According to an analysis in the Internet magazine, Counterpunch, the recent British economic recovery has been mainly based on financial flows to property and infrastructural projects in London and the south of England, and the prosperity of the City of London.

And the city of London is what keeps Britain from becoming a third-tier economy.

This is so important that David Cameron and the Conservatives could conceive of Britain leaving the European Union if the EU were to mess with the running of the City by imposing regulations.

A lot of the money recently has come from China and Britain is very keen to be involved in the offshore trading of the Chinese renminbi. Thus, there is every prospect of Britain getting more action from a China, with foreign reserves of around US$4tril (RM14.68tril), looking for more ways to use the renminbi.

Joining the AIIB in such a fashion, not only brings with it the prospect of possibly getting a leg up in future AIIB projects, but also gains Chinese goodwill. But it is important not to exaggerate Chinese strength. It is a superpower only in the economic arena, and not in other spheres such as the military and political.

Militarily, the US far exceeds China in the amount of money spent and in technological sophistication.
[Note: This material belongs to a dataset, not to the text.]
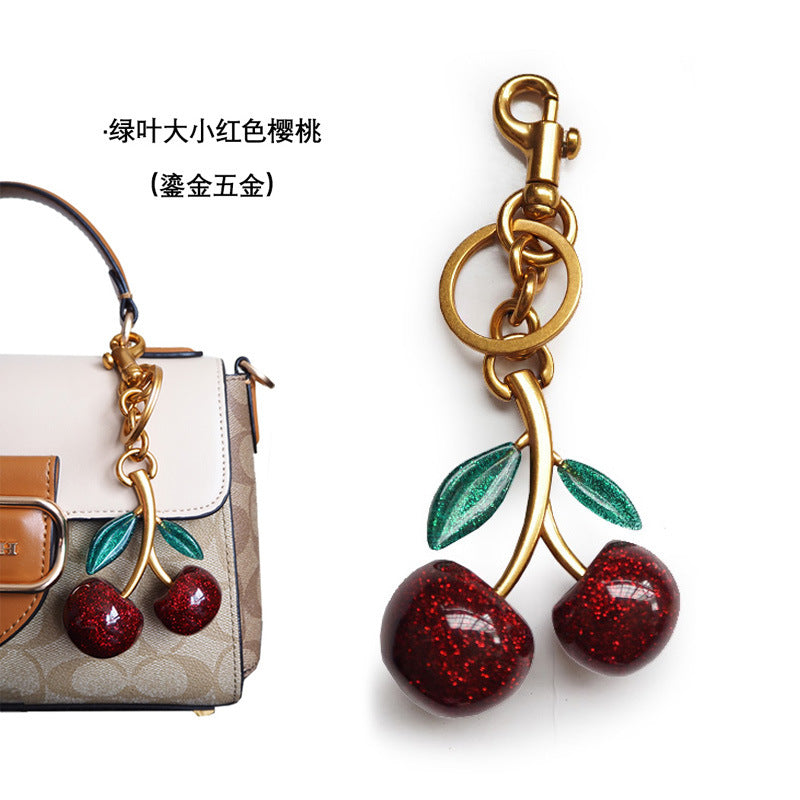 Factory direct Amazon jewelry package pendant cherry key buckle air car cherries crystal powder resin key chain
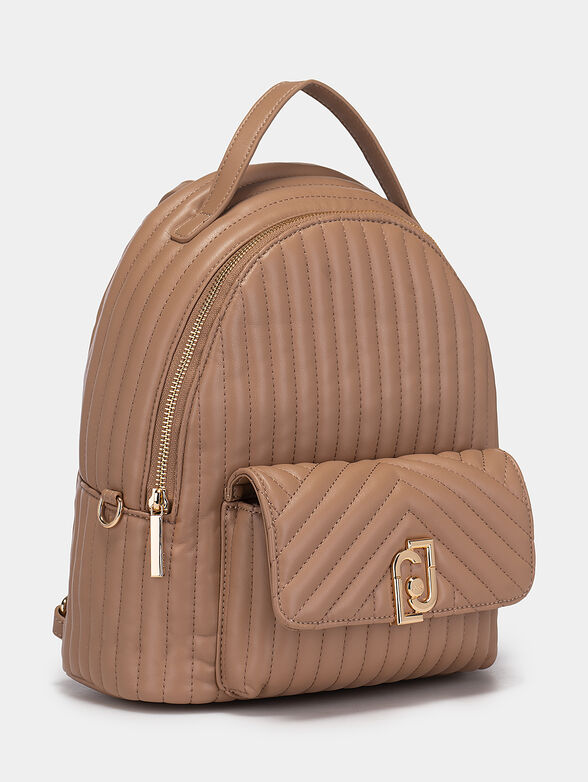 Backpack with quilted effect and metal logo detail - 3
Politically, what China can at present offer cannot match the global impact of values associated with the US such as democracy and human rights.

Even in the economic sphere, the Chinese Gross Domestic Product is only equal in size to the US in purchasing power terms, and not in dollar terms where the US GDP is more than one and the half times that of China.

In per capita terms, US GDP is at least four times more. And the US is still far more advanced in the sophistication of its financial market and industrial structures.

The significance of this AIIB development is not a demonstration of raw Chinese economic power.

It is unlikely to do away with the WB or the IMF.

It is really another symptom, this time in Europe and in the financial arena, of the global centre of gravity shifting to Asia.

By Dr. Lee Poh Ping
> Dr Lee Poh Ping is a Senior Research Fellow at the Institute of China Studies in the University of Malaya. The views expressed here are entirely the writer’s own.